A. Permissible Scope Of Reply Arguments; Legitimate Amplification Replies should be narrowly focused on the legal or logical arguments presented in the

[answers] on a request for hearing/petition to intervene. South Carolina Elec. and Gas Co.

(Virgil C. Summer Nuclear Station, Units 2 and 3), CLI 10-01, 71 NRC 1, 7 (Jan. 27, 2010)

(quoting Final Rule, Changes to Adjudicatory Process, 69 Fed. Reg. 2182, 2203 (Jan. 14, 2004)). But a reply may provide legitimate amplification to a proffered contention. PPL Susquehanna, LLC (Susquehanna Steam Electric Station, Units 1 & 2), LBP-07-4, 65 NRC 281, 299-302 (2007).

A party may not use the device of a motion to strike to categorically prohibit all new arguments. [P]rinciples of fairness mandate that a petitioner restrict its reply brief to addressing issues raised by the Applicants or the NRC Staffs Answers; however, such a limitation:

. . . [F]alls well short of prohibiting a petitioner from raising all new arguments.

As long as new statements are within the scope of the initial contention and directly flow from and are focused on the issues and arguments raised in the Answers, fairness is achieved through the consideration of these newly expressed arguments.

(Emphasis supplied). Entergy Nuclear Operations, Inc. (Indian Point Nuclear Generating Units 2 and 3), Docket Nos. 50-0247-LR and 50-286-LR, ASLBP No. 07-858-03-LR-BD01 at 41 (p.

43 of .pdf) (July 6, 2011).

B. Responses to Specific Objections

1. Strike last paragraph p. 4 through end of Section I.A. on p. 6 of Petitioners Reply The NRC Staff assert that Petitioners discussion of the one-tube-break standard in their Reply1 attempts to cure the insufficient traceability showing of the Joint Petition and is raised impermissibly late. Staff Motion to Strike at pp. 6-7.

First, Petitioners deny that they failed to establish traceable harm in their initial Petition.

The Gundersen Report which accompanied the Petition delineated significant unanalyzed changes in the engineering of the old vs. new steam generators which, in light of the steam generator engineering disaster at San Onofre, should prompt significantly greater regulatory scrutiny of the Davis-Besse plan to avoid safety implications from malfunctioning or malper-forming generators. In the Gundersen Report, Petitioners expert pointed out that he had 1

Found at pp. 4-6 of Petitioners Reply in support of Petition to Intervene and for an Adjudicatory Public Hearing of FENOC License Amendment Request.

identified dozens of features at San Onofre which carried safety implications, and that he then had noticed at least 9 triggering aspects of the Davis-Besse steam generator replacement that could have safety implications:

Now it appears that FENOC is also attempting to skirt the 10 C.F.R. § 50.59 processes on its Davis-Besse ROTSG project. . . .

In its previous reports, Fairewinds identified at least 39 unreviewed modifications to the original steam generators at San Onofre.
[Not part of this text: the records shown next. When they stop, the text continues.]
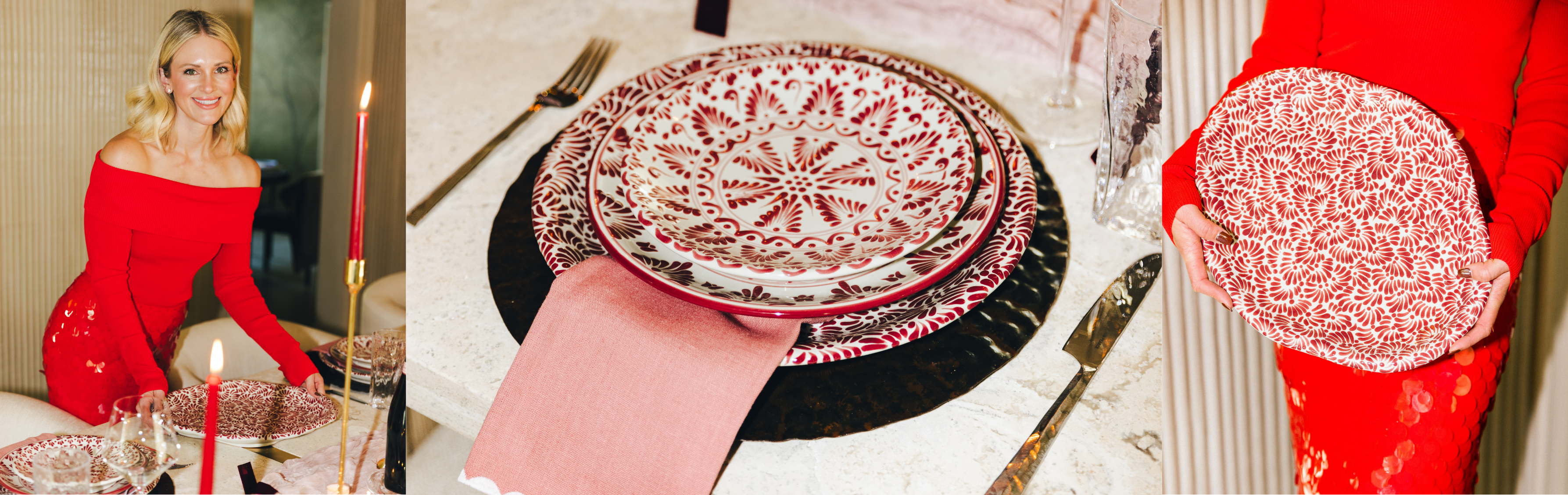 Rojas Plumas Talavera Collection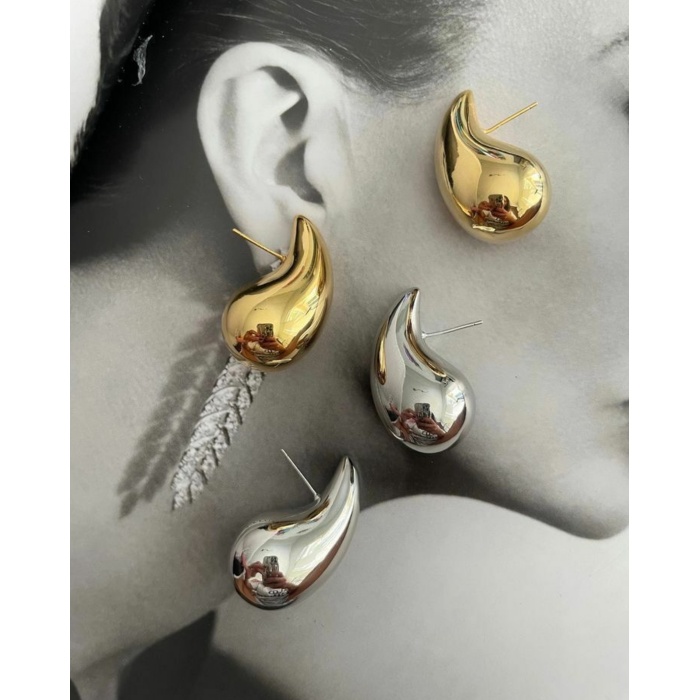 SİLVER BOTTEGA DAMLA KÜPE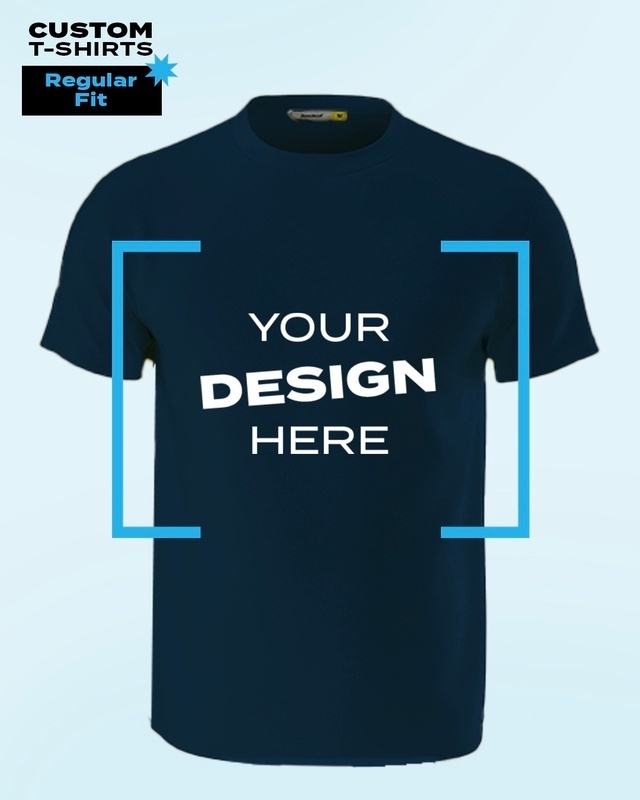 Custom T-Shirts - Buy Personalized T-Shirts Online at Bewakoof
Now Fairewinds preliminary review of the D-B ROTSG shows that FENOC made at least nine unreviewed technical specifica-tion changes to the Systems, Structures and Components (SSC). These major design changes are not like-for-like and clearly show that FENOC should have applied for a license amendment review of the D-B ROTSG under 10 C.F.R. § 50.59.

(Emphasis in original). Gundersen Report p. 10.

In a portion of their Reply to which the Staff does not object, Petitioners observed (pp 3-

4) that:

The reference to San Onofre bespeaks an engineering catastrophe that posed danger to Californians of a major radiation release. In his report in support of the Petition, Arnold Gundersen compared the bungled steam generator design change process at San Onofre with the similarly-trivialized analysis of design differences between the original and replacement generators at Davis-Besse. Gundersen stated in his expert report that In the detailed analysis of the [Southern California] Edison RSGs, Fairewinds identified 39 separate safety issues that failed to meet the NRC 50.59 criteria. He points out that it is literally impossible for FENOC to have incorporated any lessons learned in the replacement steam generators for Davis-Besse, since the San Onofre RSGs failed in 2012, well after the D-B ROTSGs were already in fabrication. Quite simply, the Davis-Besse ROTSG could not have been modified to reflect any lessons learned from the technical failures at San Onofre Units 2 and 3. Gundersen report at 8.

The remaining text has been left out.